Mi madre nació en Lwów, Polonia, entre la Primera y la Segunda Guerra Mundial. Ahí vivieron y murieron sus antepasados. La ciudad ha tenido varios nombres. La de su casa materna y paterna, en polaco, es Lwów. Tiempo después, dependiendo de guerras y ocupaciones, adquirió diversos nombres: Lvov, en ruso, Lemberg, en alemán, Lviv o L´viv, en ucraniano, Leópolis, en español. Los diferentes nombres reflejan los cambios geográficos producto de las guerras, una más cruenta que la otra. La ciudad ha sido víctima de diversos conflictos. Ahora sufre por la malicia de Putin y su esbirro, Lavrov, cuya hijastra, por cierto, vive, informa la prensa “seria”, en un lujoso departamento en Londres. Durante la Segunda Guerra Mundial, la ciudad fue asediada por nazis y rusos. Imposible saber cuántas personas fallecieron en esa época. Seguramente, “demasiadas”.
A partir de la disolución de la Unión Soviética, en 1991, Leópolis pasó a ser parte de la Ucrania independiente. Entre la frontera polaca y Lwów median 70 quilómetros. La cercanía con Polonia es una razón por la cual hoy, mientras escribo, incontables ucranianos huyen de la guerra hacia ese país. Esa cercanía también explica, parcialmente, las razones por las cuales Lvov tiene tantos nombres: más de una nación la ha considerado suya.
En 1996, el centro histórico de la ciudad fue considerado por la UNESCO patrimonio de la humanidad. Menuda paradoja: patrimonio de ¿qué humanidad? Por contradicciones nuestra especie no para. Los términos crímenes contra la humanidad y genocidio adquirieron trascendencia debido a dos brillantes abogados judíos cuyas vidas transcurrieron parcialmente en Lwów.
Hersch Lauterpacht, profesor universitario preocupado por los derechos humanos, creció en Lwów. Impulsó el término “crímenes contra la humanidad”, esto es, asesinatos contra individuos cometidos por el Estado, con frecuencia contra sus propios ciudadanos. Raphael Lemkin, vecino de la misma ciudad, fue el creador del término genocidio, esto es, crímenes contra un grupo o una raza basados en su identidad. Ambos estudiaron en Lwów, en la misma Facultad de Leyes; compartieron profesores. Sin duda, su origen étnico y la cruenta historia de su Tierra, pertenecer a Polonia, ser ocupada por la Alemania Nazi y después por la Unión Soviética fue cimental en sus inquietudes.

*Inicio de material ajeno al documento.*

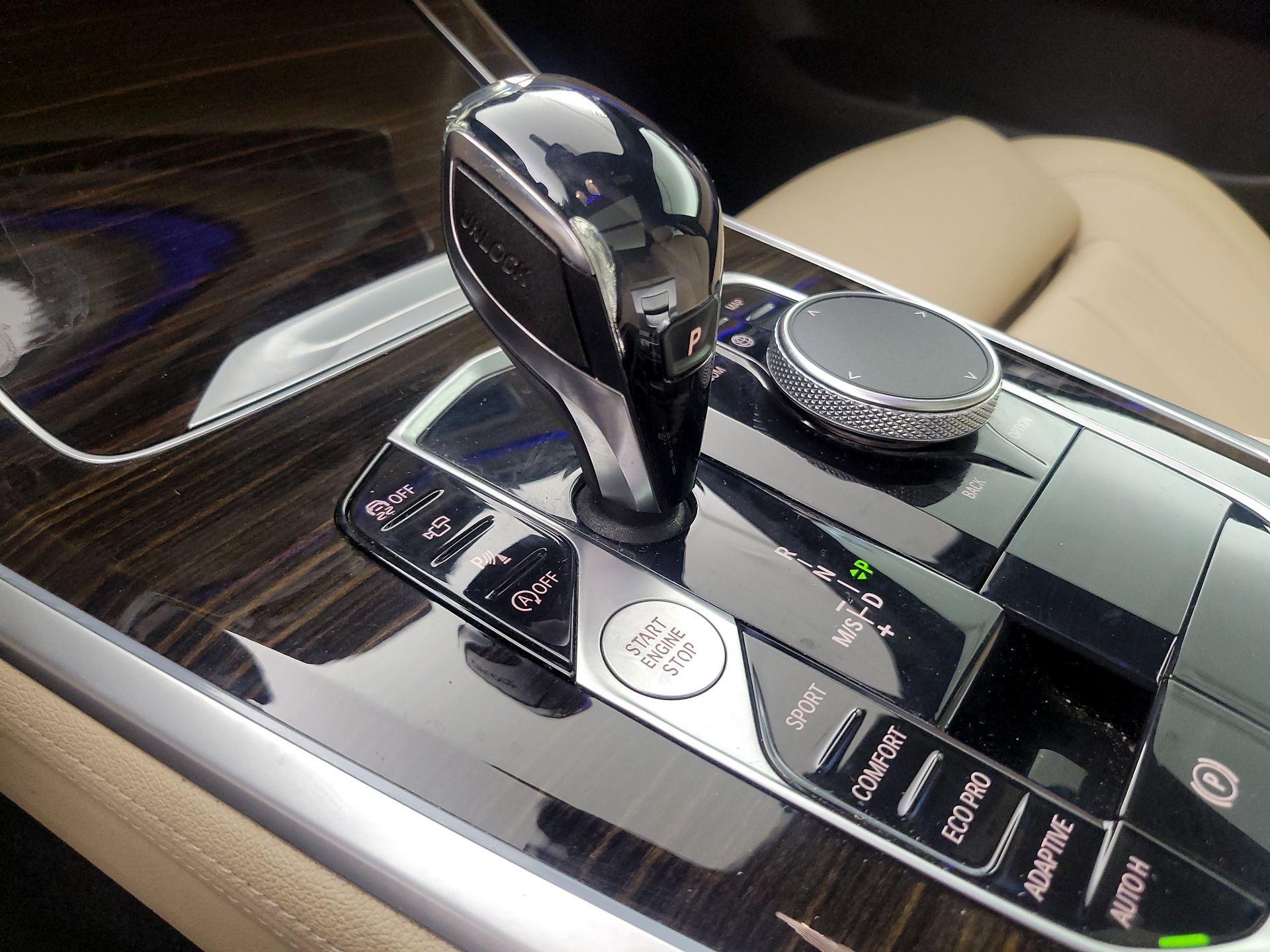 Thumbnail: 2020 BMW X5 - 18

Lauterpacht se preocupó fundamentalmente por los derechos del individuo; sus libros influenciaron en la Declaración Universal de los Derechos Humanos. Lemkin, por su parte, se agobió por las persecuciones de grupos. Ambos son figuras señeras en leyes internacionales dedicadas a la protección de la humanidad.
La metamorfosis de los nombres de Leópolis se comprende también siguiendo a Timothy Snider, eminente historiador, quien, al referirse a Lviv utiliza el término “bloodlands”, es decir, tierras de sangre. Eso ha sido y ahora es Lviv: una región donde ha imperado e impera la violencia. Hitler y Stalin no fueron suficiente; ahora Putin dicta.
El lema de la ciudad, Semper fidelis, siempre fiel, es interesante. Infiero las connotaciones íntimas de la idea. Supongo que el quid radica en su inquietante historia como lo demuestran sus cinco nombres. Supongo también que el lema hace alusión a la lealtad de la ciudad hacia sus habitantes y viceversa. Tras la invasión y destrucción putiniana y lavroviana, el epígrafe adquiere otros tintes: la fidelidad, hermoso y necesario bien, es hacia, con y para Ucrania y los ucranios.
Mi madre tuvo “suerte”. Permaneció oculta en su Lwów durante 18 meses con sus padres y una hermana en el sótano de la casa de un sacerdote católico. Sobrevivió.